WHAT NEEDS TO BE DONE —
Please give back the listing below word for word, without the images.

RAW DATA —
.....

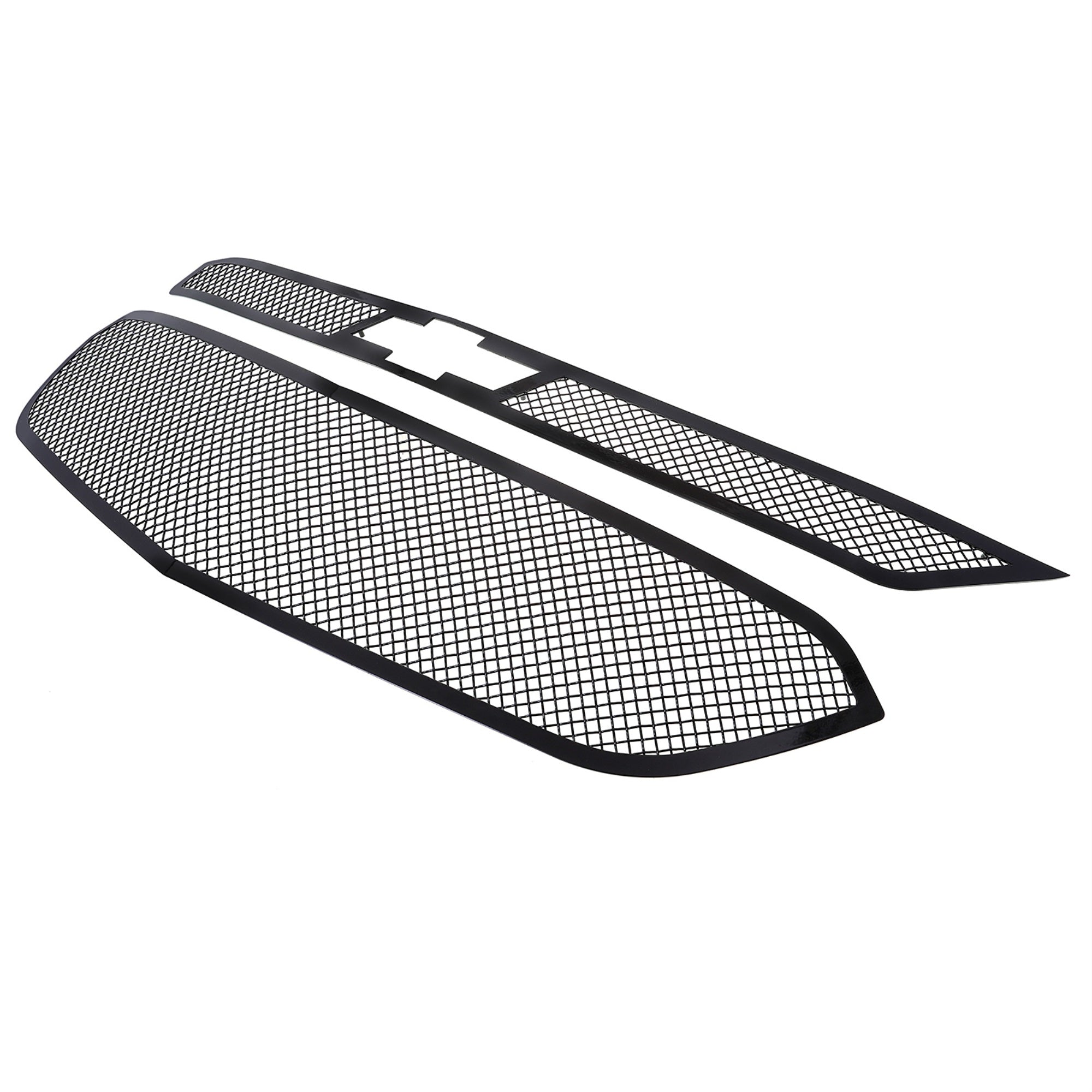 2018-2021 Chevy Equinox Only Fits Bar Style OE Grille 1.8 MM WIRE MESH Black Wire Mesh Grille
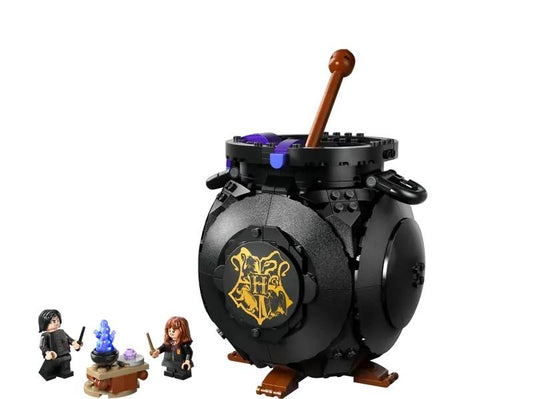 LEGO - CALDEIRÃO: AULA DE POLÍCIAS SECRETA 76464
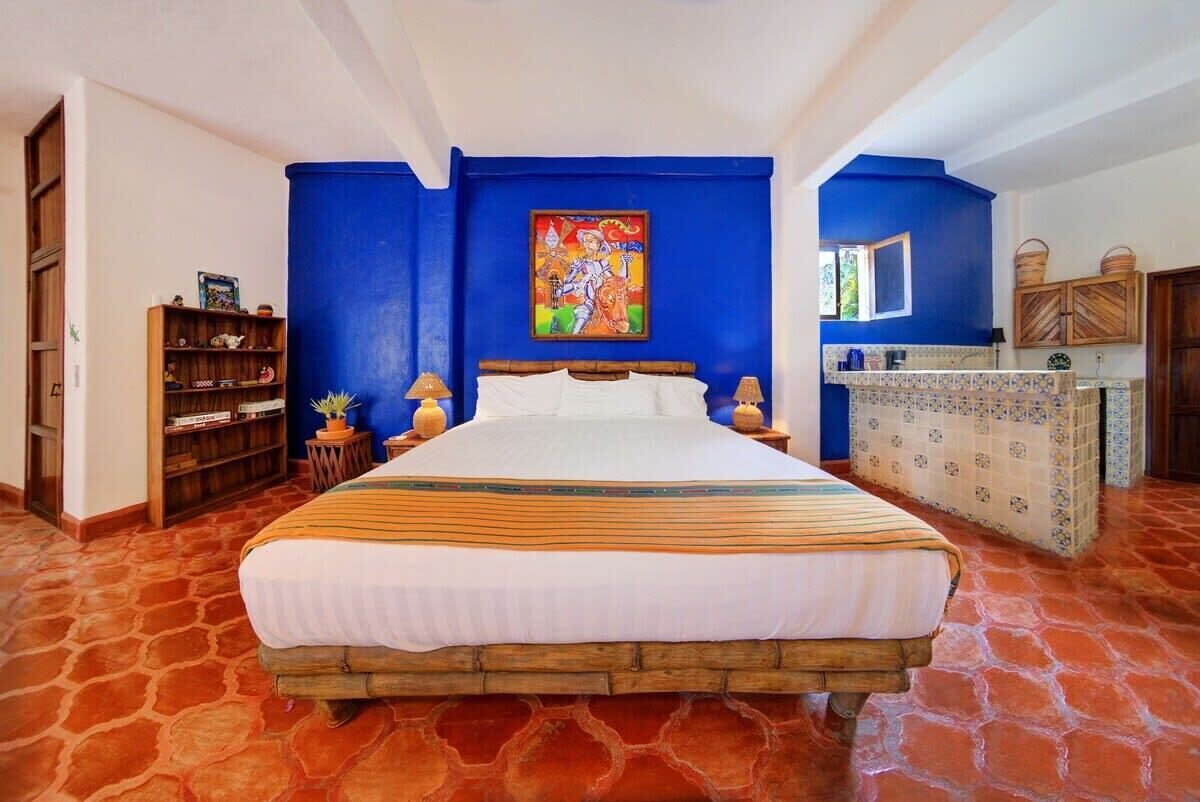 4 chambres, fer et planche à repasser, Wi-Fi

.....

TASK SOLUTION —
 2018-2021 Chevy Equinox Only Fits Bar Style OE Grille 1.8 MM WIRE MESH Black Wire Mesh Grille
 LEGO - CALDEIRÃO: AULA DE POLÍCIAS SECRETA 76464
 4 chambres, fer et planche à repasser, Wi-Fi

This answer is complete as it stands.